A long wait has produced a fine review by the dependable Ms. Josselyn. We hope that this submission will spark a flurry of holiday reviews from those contributors whose hands have lain still these past months. - RD

At a dinner party a few nights ago a friend dropped the old freshman English standby, “Ode to a Grecian Urn,” into the conversation. What followed was an embarrassing moment, as more than a few of us (including the estimable editor of this literary review) fumbled around for author, quote or other proof that we’d ever had to read this bit in some long-forgotten Classics seminar. I bring this up not to condemn a generation that does not have Keats at our fingertips, or a mastery of Tennyson on the tips of our tongues, but to indicate my worry that much of what was assumed for these men is quaint and slightly arcane in today’s world.

Keats boldly declares truth beauty and beauty truth, and one can’t help wonder at the ease of his definition, or, in a society that continually perverts beauty with a tawdry mix of sex and money, marvel that they were ever interchangeable. For those worried this may be mere social rant or, worse, an overly ambitious review of Keats, fear not, it’s only intended to be a review of Zadie Smith’s newest novel. This choice was made because a) there aren’t enough women authors reviewed here, and b) it was the only thing that looked good as I whiled away a few days in Amsterdam some months ago. While Smith handily published this novel under the title On Beauty, it could just as easily have taken its moniker from the other element in Keats’ venerable equation.

For Smith’s title is confusing. Little of what she reveals in her characters, their motives, or even their best of intentions is beautiful. What it may be is true, or the truth their deceit exposes. The lies we tell ourselves, within our families, our social structures, and our relationships, and the further untruths the lies demand we tell to others, make up the conflict, character and catharsis of Smith’s third novel. Her judgment of its characters lies just as much in the truth their actions create or deny as the beauty they are performed within.

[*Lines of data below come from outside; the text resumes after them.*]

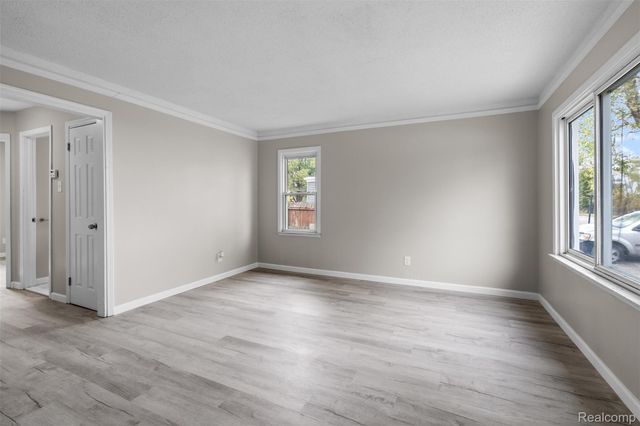 12866 Toepfer Road, Warren, MI 48089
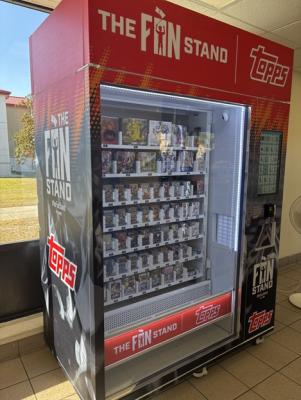 Monster Collection Toy Vending Machine with Customizable Design, Remote Smart Management, and 24V Electric Heating Defogging Glass Door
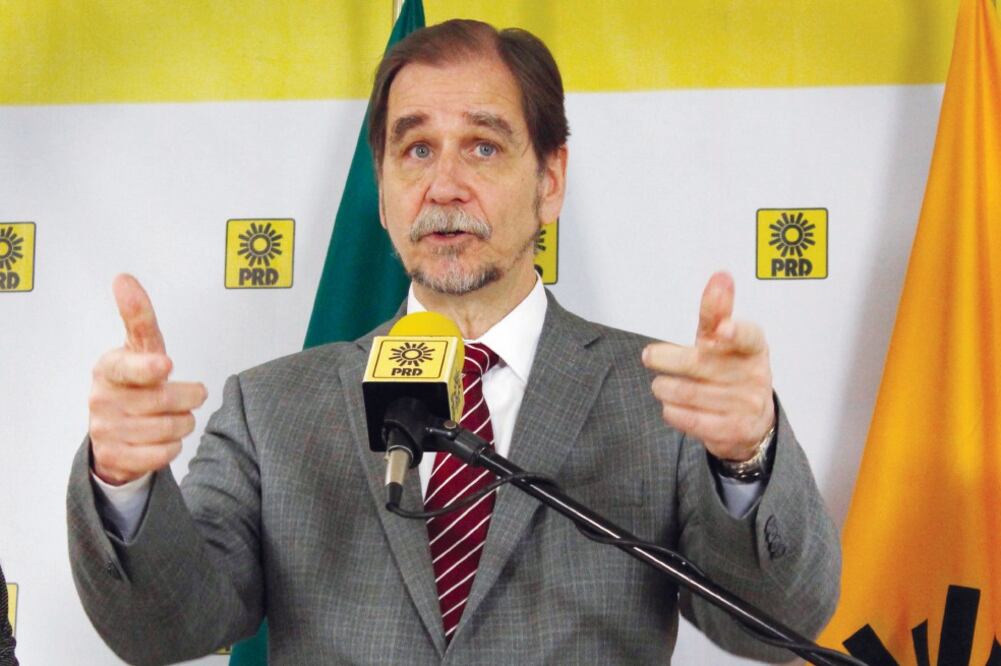 El presidente nacional del PRD, Agustín Basave, asegura que el secretario de Gobernación, Miguel Ángel Osorio Chong, está en la disposición de responder a la solicitud del sol azteca para brindar informes sobre sus candidatos (ARCHIVO EL UNIVERSAL)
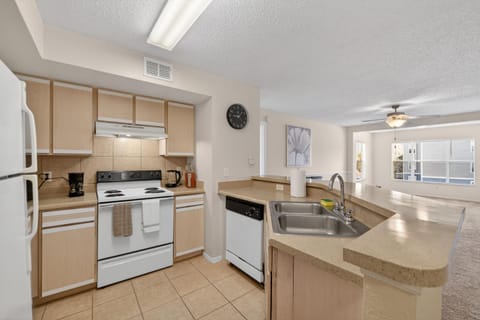 Modern 2BR Stay in Prime Location Apartment in Longwood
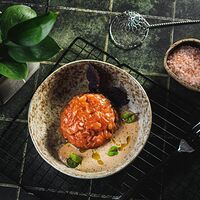 Тартар из семги с кунжутным соусом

Set in a small college town, On Beauty introduces us to an array of families and social constructs across international and socio-economic borders and, in a story continually dissecting pretenses, none is allowed to be simply one-dimensional. Each character – Mother Africa, Conservative Widower, Christian Wife, Haitian Refugee, Bright Student from the Streets – could be the book’s hero, its villain or, as is often the case, both at once. None are limited to a single role. They are, like most of us, these things and more, a fusion of their best and worst characteristics – themselves and their better selves. The hero may not be heroic, or might be undone in his final decisions. The aggrieved wife may allow herself to be continually wronged, the successful family patriarch may be a thief, the boy from the streets may return there, even after the gift of the college campus is offered to him.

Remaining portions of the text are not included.